* _Collected data_:
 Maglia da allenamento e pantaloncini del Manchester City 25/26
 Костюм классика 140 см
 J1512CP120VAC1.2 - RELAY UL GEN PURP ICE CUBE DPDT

* _Exercise instructions_:
Print the material in full. Keep it exactly as it is.

* _Completed exercise_:
 Maglia da allenamento e pantaloncini del Manchester City 25/26
 Костюм классика 140 см
 J1512CP120VAC1.2 - RELAY UL GEN PURP ICE CUBE DPDT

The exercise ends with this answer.